THE WIZARD Not pictured: Winnie Cooper.

IT'S TOO BAD Nicolas Cage is going to ruin wizards this weekend. That's not an attack—it's a testament. Once the man wraps his ginormous choppers around a role and masticates the scenery into a frothy paste, there's no reason for anyone else to tackle the subject. For example: I don't think anyone's gonna be re-remaking The Wicker Man anytime soon. So, to get our wizarding fill, we must look to the past.

Obviously, we will start with The Lord of the Rings. No, not that one—the other one. Ralph Bakshi's rotoscoped cartoon from 1978 has more missteps than an epileptic breakdancer, but maybe the most glorious mistake is the depiction of Saruman.

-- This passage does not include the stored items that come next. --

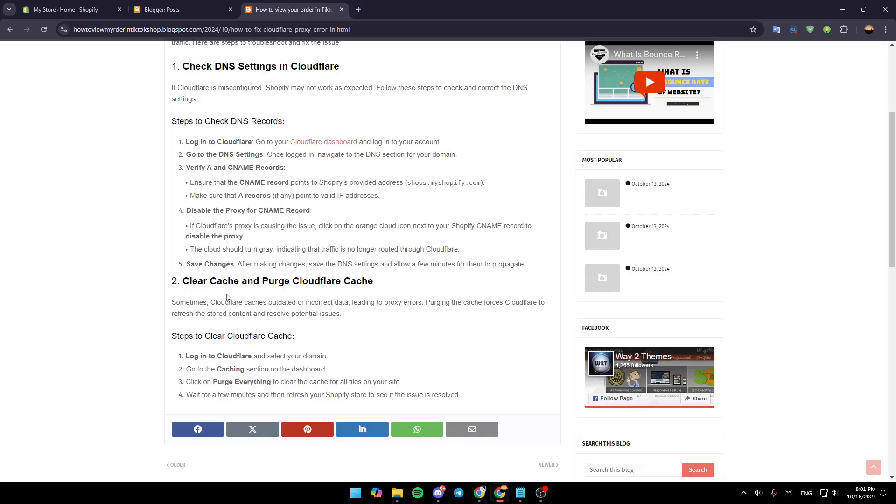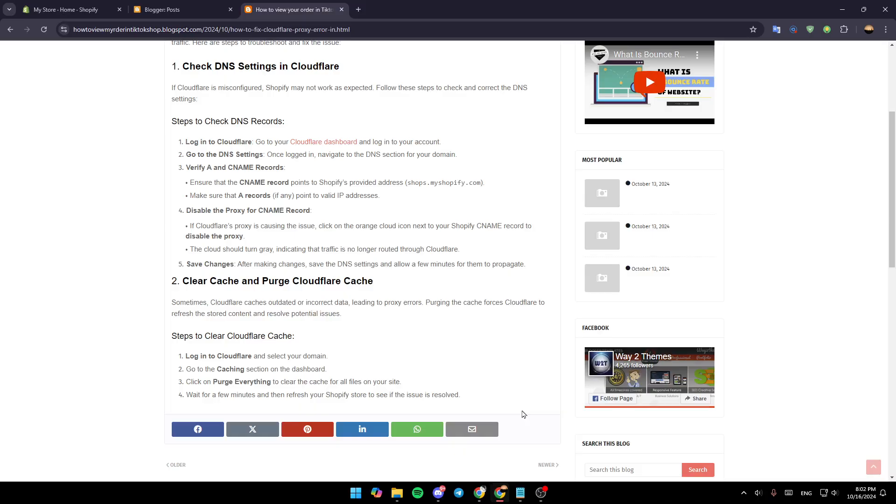Clear cache and purge Cloudflare cache. To do that, log in to Cloudflare and select your domain. Go to the caching section on the dashboard and then click on purge everything to clear the cache for all files on your site. Wait a few minutes and then refresh your Shopify store to see if the issue is resolved.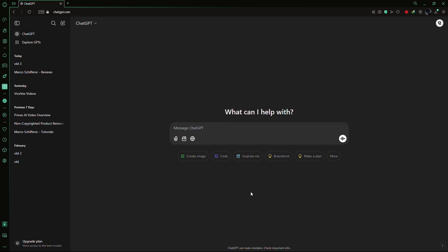ChatGPT is an advanced AI tool that's highly versatile, easy to use, and free to access for everyday tasks.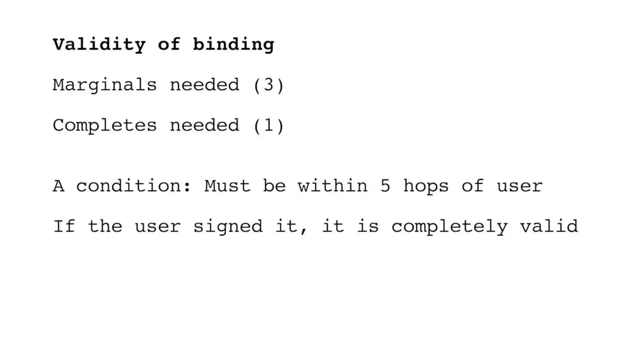And this validity is a representation of the trustworthiness of the binding. So is the person who they say they are? There are two tuning parameters that can be used to adjust how skeptical the validity of a certificate is. Marginals needed and completes needed. By default three and one. The higher these numbers are, the more skeptical the behavior.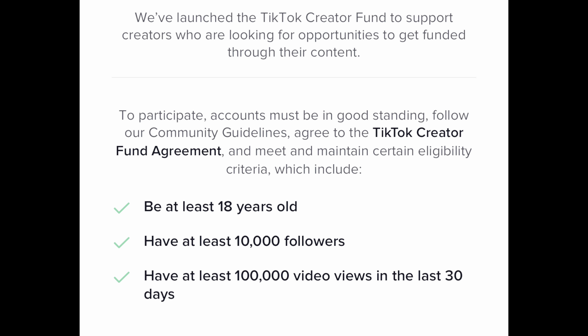In order for you to meet the qualifications to become monetized, or in TikTok's case to get into the creator fund, you have to have 10,000 followers, you have to have 100,000 video views in the last 28 days, and you have to be 18 or over.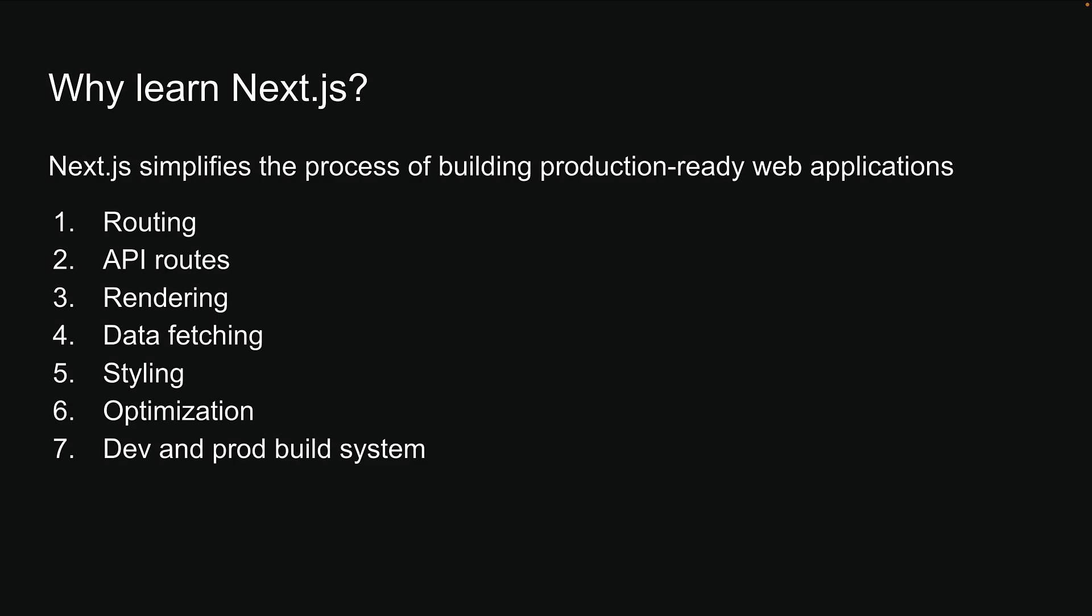Throughout this course, we will explore each feature in detail. Also, please note that I may refer to NextJS simply as Next in the course, so please don't get confused.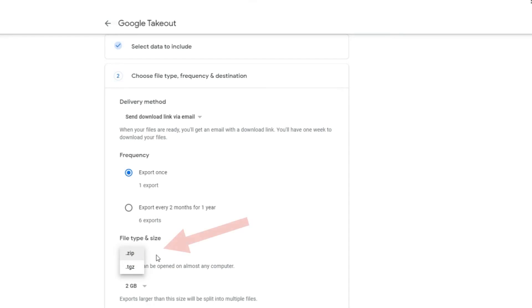Step 7: Set export file type, either a zip or TGZ. I prefer a zip file because it is easy to access on Windows as well as on other operating systems.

For half the movie, he's called "Aruman," and for the other half, it's like he's the star of a completely different cartoon entirely, one called Joseph and the Amazing Technicolor Turncoat.

It's strange that Bakshi got a wizard so entertainingly wrong when just a year previous he succeeded with Wizards, an ambitious cult classic about a grumpy, cigar-chewing bastard named Avatar who fights his twin brother Blackwolf to stop him from using Nazi propaganda films to enslave the world. The message is as subtle as a shotgun to the nuts, but Avatar's characterization and animation is worth the watch.

The early '80s were a good time for silver-screen sorcery: In 1982, Thulsa Doom killed Conan the Barbarian's family and made him push a wheel for 30 years, and he could turn into a big-ass snake. Compare that to the R. Lee Ermey levels of grizzled badassery that Nicol Williamson used to play Merlin in John Boorman's Excalibur (1981). The winner? Your eyeballs.

But probably the most awe-inspiring wizard to ever grace the screen? That autistic kid in the 1989 Fred Savage movie/glorified Nintendo ad, The Wizard. Not only does that brat find the warp whistle on his very first playthrough of Super Mario Bros. 3, he does it on a Power Glove like it's nothing. There are passages in the Necronomicon less complicated.